パッと見回した部屋には、息子が生まれた時からの日々の思い出が詰まっていて、そこを離れることに涙が溢れた。
わたしはものが多くて、思い出がだいじで捨てられないタイプで。
何もかも大事だと思ってた。
でも、何かしか持ち出せないとなった時、わたしに必要で、大事なものは小さい息子の忘れたくない思い出と、息子の大事なおもちゃと生活品、生きるための仕事用具だった。
そんな記憶も一年前で、今は、また、ふたりで前の家でおだやかな時の中で暮らし始めた。
引っ越した時トイレが殺風景だなと思い、飾りを何か飾りたいなと思いたち、そういうのをしまっていた箱があった事を思い出した。
生まれてから日ごとに成長する息子を追いかけながら、働きはじめて、家庭の複雑な出来事もあって。そんな日々の中で見ることのなかった箱。
子供は小さいうちはものを落としたり舐めたりするから、頭にもよぎらなかった箱。
そこには、わたしが社会人数年目の独身の頃、友達と海外の海に行った時に買ったものが入っていた。
ハワイで買った絵とサンディエゴで買った貝殻の置き物。
あの頃、わたしには無限の可能性があって、世界は広がってるって思ってた。
今は愛しい何よりも大切な息子と暮らせる日々があることに感謝していて、ありがたくて。でも息子にとっての幸せや、日々を考えすぎて、私が好きだったことや考え方を忘れてたことに気づいた。
同じような状況の友達に最近、わたしたちは自由だよ、と言われた。
責任を持てるのは自分の人生まで、この子はこの子の人生がある、と。
ハッとしてそうかぁ、、と思った一方でそれが少ししっくりこなくて、
だって息子がいるから、わたし一人の人生のように自由にやりたい場所、やりたいことして生きるとかそんな単純にできない、何が正解か分からないけど、息子にとって、ということもいつも考えて生きていたいと思ってるから、と。
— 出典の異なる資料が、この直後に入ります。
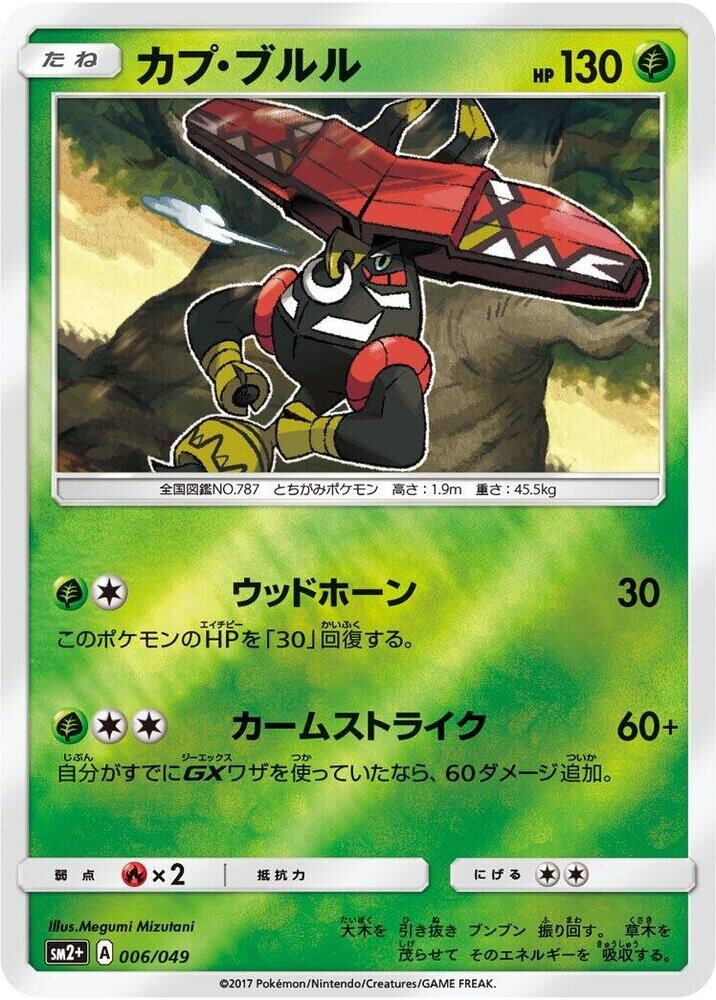 POKEMON JAPANESE SM2+ 005/049 LEDIAN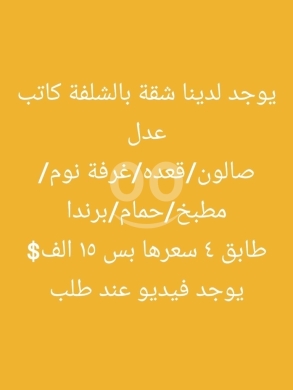 شقق للبيع في طرابلس - شقة للبيع في منطقة الشلفة - طابق رابع بسعر لقطة | Apartment for Sale in Al-Shalfa - 4th Floor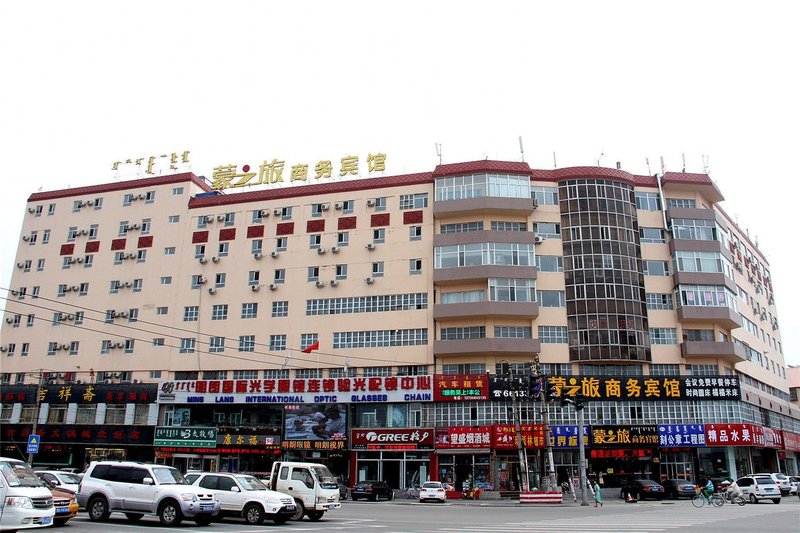 Mengzhilv Hotel Chezhan Hohhot Over view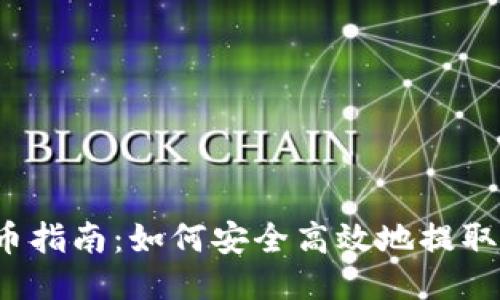 屎币HECO提币指南：如何安全高效地提取你的Tokenim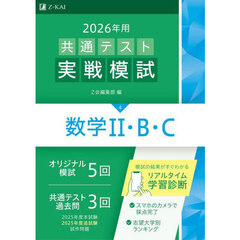 ２０２６年用共通テスト実戦模試　４　数学２・Ｂ・Ｃ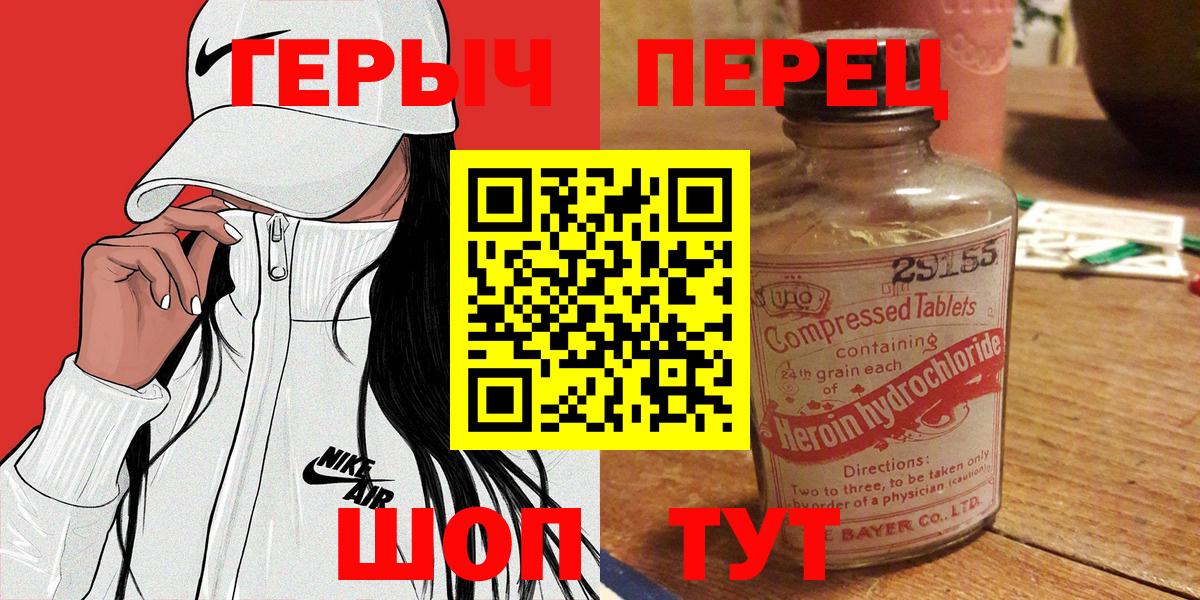 Дзержинск  Героин  Вход с VPN  Героин афганец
少なくとも、幼い息子のしばらくの人生はわたしの生き方に左右されるのだから、責任がある、と。
真面目すぎるわたしがいて。
そんなもくもくとした考えの中に箱の中のものたちは、昔のキラキラした心の私が、あの頃好きだったこと、もっと軽やかに人生を歩いてたことを思い出させてくれた。
もちろん、あの頃新入社員時代は、仕事が大変で苦しくて、同期と支え合い、一生懸命愚痴を言いながらも毎日頑張って、稼いだお金で長期休暇で海外に行っては全てを忘れ、自分らしい時間を過ごしてたわけで。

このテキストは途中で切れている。